Monday, June 21, 2010

Tipping point

This weekend was rough - really rough. We had many very critical patients in the hospital, several perplexing cases, just a great deal on our plates. That's ok, it's part of emergency medicine - feast or famine.

What made it particularly difficult was the absence of my husband. He was gone for a week in Knoxvegas, meeting with his thesis advisor regarding his PhD work. I was alone. I'm nursing 3 kittens. When I got them (on Monday last) - they were only 48 hours old - blind, deaf, totally helpless. Taking care of kittens that young - especially 3 of them - is a full-time job. On top of that, I have the dog, 5 indoor cats, 1 outdoor cat, and the birds. Then, I have the garden to water, as well as all of my flowers. I got a jam jar stuck in the garbage disposal, and no amount of attempting would get it out. The A/C broke on Tuesday, and it was 87 degrees in the house. The whole week, I felt like I was walking a fine, fine line of nervous exhaustion.

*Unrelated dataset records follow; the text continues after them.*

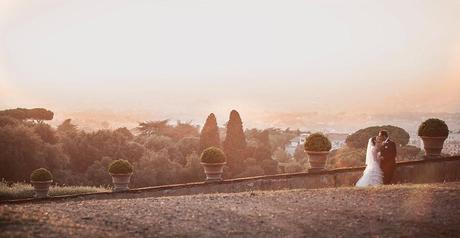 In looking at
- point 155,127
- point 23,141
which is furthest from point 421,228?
point 155,127

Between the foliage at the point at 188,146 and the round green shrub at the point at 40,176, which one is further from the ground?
the round green shrub at the point at 40,176

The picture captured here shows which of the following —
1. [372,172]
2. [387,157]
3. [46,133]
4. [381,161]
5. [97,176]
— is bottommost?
[97,176]

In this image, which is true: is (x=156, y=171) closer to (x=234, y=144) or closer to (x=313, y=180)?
(x=234, y=144)

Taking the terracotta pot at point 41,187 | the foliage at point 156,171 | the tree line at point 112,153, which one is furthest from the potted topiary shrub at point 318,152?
the foliage at point 156,171

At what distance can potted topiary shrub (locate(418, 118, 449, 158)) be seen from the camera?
17938 mm

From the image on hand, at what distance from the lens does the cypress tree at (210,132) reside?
41625 millimetres

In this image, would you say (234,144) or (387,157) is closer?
(387,157)

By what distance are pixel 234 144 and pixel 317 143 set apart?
23.0 meters

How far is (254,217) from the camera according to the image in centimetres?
987

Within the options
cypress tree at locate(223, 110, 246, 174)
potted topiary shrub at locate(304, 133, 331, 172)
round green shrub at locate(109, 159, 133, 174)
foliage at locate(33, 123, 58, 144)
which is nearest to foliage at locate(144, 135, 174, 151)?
cypress tree at locate(223, 110, 246, 174)

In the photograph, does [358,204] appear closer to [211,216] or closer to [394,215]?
[394,215]

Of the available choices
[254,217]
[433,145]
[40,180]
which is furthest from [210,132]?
[254,217]

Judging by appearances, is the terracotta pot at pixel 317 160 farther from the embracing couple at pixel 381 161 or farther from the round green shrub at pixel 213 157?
the round green shrub at pixel 213 157

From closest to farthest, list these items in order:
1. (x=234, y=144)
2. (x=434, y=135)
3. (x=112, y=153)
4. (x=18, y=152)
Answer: (x=434, y=135) → (x=18, y=152) → (x=234, y=144) → (x=112, y=153) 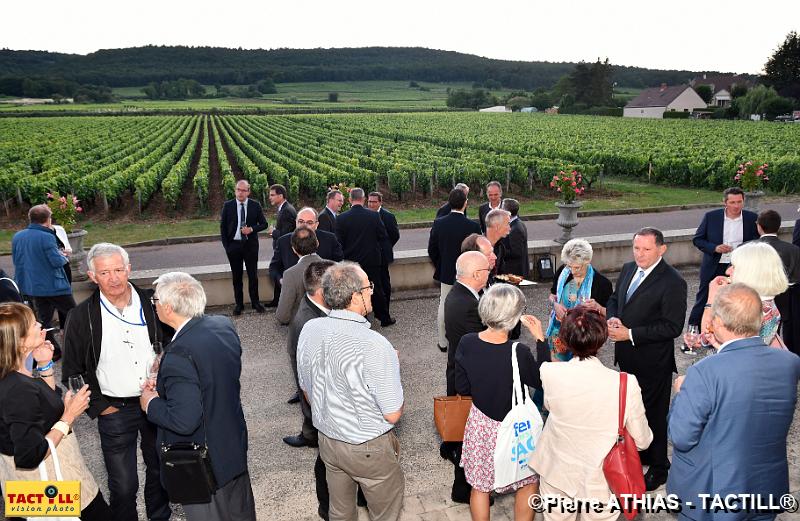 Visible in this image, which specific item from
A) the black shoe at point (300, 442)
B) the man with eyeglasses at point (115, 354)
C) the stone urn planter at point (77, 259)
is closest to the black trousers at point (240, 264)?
the stone urn planter at point (77, 259)

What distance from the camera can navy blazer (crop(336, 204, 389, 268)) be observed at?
296 inches

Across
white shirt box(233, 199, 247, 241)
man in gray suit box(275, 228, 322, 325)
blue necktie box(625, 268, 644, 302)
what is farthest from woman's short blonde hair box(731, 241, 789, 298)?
white shirt box(233, 199, 247, 241)

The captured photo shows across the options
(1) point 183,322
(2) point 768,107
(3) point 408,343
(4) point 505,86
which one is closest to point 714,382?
(1) point 183,322

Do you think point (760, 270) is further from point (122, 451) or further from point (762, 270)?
point (122, 451)

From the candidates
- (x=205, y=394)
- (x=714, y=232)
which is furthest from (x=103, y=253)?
(x=714, y=232)

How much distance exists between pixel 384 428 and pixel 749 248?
2.65 m

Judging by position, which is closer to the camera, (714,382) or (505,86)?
(714,382)

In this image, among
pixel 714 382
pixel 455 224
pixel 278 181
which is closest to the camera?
pixel 714 382

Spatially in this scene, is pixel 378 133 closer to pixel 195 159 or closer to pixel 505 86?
pixel 195 159

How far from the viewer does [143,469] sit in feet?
16.0

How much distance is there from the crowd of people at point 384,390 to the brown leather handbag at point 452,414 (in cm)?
21

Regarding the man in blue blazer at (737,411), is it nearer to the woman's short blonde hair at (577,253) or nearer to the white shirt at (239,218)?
the woman's short blonde hair at (577,253)

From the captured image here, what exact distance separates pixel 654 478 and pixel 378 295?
4.24 metres

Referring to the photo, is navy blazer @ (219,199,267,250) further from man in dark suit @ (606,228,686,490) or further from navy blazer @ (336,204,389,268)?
man in dark suit @ (606,228,686,490) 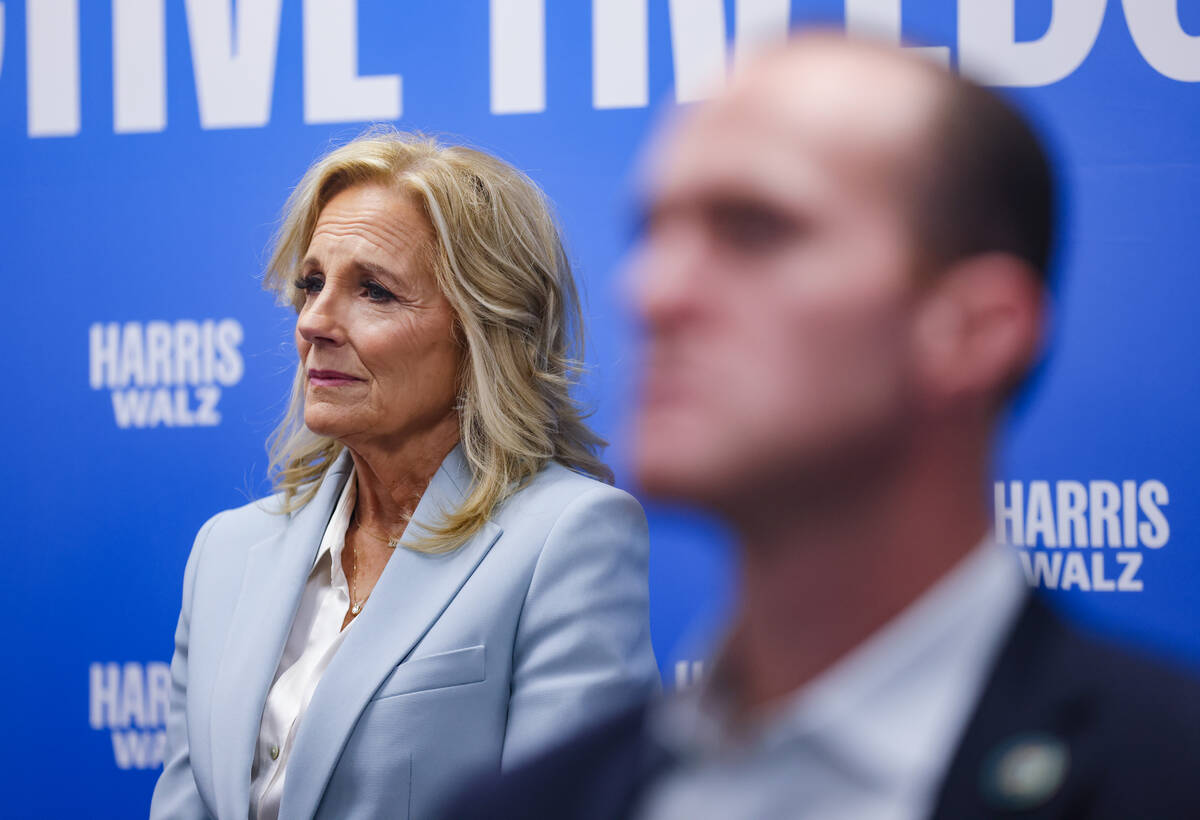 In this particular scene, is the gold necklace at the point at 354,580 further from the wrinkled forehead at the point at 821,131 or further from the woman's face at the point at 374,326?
the wrinkled forehead at the point at 821,131

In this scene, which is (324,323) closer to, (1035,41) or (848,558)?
(848,558)

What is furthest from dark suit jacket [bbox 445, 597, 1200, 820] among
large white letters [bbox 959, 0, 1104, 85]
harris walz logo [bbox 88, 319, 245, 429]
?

Come Friday night and the start of my overnight weekend shift. It's ALWAYS, ALWAYS the hardest. 16 hours (overnight) for 3 nights in a row. By the time it's over, I'm usually a blob of incoherency.

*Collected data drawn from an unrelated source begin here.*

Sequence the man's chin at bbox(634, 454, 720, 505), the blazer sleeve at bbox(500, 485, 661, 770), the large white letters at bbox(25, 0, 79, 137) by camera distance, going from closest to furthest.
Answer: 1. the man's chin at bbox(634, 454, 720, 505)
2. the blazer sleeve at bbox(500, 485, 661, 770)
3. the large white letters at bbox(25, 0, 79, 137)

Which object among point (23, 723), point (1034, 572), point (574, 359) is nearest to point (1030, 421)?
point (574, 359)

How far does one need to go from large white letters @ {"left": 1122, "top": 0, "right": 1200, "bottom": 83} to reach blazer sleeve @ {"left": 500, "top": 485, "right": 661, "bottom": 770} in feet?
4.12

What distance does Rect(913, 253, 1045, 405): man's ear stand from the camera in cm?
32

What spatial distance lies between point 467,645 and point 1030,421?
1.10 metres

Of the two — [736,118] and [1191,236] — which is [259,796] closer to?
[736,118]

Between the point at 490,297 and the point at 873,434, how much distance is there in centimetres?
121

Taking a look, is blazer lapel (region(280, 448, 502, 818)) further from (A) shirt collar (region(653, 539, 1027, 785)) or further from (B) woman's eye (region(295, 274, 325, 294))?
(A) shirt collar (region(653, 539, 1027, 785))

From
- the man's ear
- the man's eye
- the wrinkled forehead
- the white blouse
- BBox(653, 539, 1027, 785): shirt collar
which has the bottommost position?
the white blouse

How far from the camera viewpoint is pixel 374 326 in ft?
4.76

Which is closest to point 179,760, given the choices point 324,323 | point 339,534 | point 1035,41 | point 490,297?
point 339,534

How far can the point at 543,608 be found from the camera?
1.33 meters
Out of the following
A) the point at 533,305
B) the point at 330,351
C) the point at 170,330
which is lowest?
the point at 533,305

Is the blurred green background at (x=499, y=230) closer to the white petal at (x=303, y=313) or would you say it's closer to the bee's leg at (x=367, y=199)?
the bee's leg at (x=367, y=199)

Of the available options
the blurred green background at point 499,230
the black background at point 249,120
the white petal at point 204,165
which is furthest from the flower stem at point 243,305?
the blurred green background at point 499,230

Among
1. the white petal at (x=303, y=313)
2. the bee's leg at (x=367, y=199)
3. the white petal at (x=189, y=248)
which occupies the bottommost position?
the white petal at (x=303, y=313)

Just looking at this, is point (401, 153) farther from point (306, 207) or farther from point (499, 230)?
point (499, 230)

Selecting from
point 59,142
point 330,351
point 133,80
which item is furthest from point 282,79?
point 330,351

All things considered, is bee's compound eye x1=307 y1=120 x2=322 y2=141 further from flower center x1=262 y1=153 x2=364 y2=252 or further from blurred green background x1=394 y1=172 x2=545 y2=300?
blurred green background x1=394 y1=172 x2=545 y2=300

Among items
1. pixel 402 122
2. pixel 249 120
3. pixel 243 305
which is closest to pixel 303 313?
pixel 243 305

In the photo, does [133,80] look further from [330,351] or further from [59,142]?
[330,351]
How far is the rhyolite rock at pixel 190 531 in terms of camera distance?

What should come in on Friday night but a cat with a pyothorax? Pyothorax translates into normal person speak as pus chest. You can read more about it here. The owner was a young guy (maybe 19), and I assumed when I told him the cost and length of treatment required (3-10 days usually, $2500-5000 and possible chest surgery) that I would be dispatching kitty to heaven.

Boy, was I wrong. The owner wanted to go for it. I had to put bilateral chest tubes in poor kitty. They are painful, scary to place, and require a great deal of management. This cat managed to have 4 chest tubes in 36 hours, which is ridiculous. They kept backing out of his chest space, which was awful, because he really needed them. I worried and worried over him all weekend (although, he is doing GREAT now - or was, as of this morning).

Then, I had a tiny little kitten - 3 weeks old - that was hypothermic, hypoglycemic, and dehydrated. His owners wanted to give him a chance, so he got a teeny tiny IV catheter, and we worked on saving him. Come Sunday morning, he looked terrible, and the owner consented to euthanasia. I had it drawn up and the needle actually inserted into the catheter, and he started to come around and make biscuits on my face with his good paw.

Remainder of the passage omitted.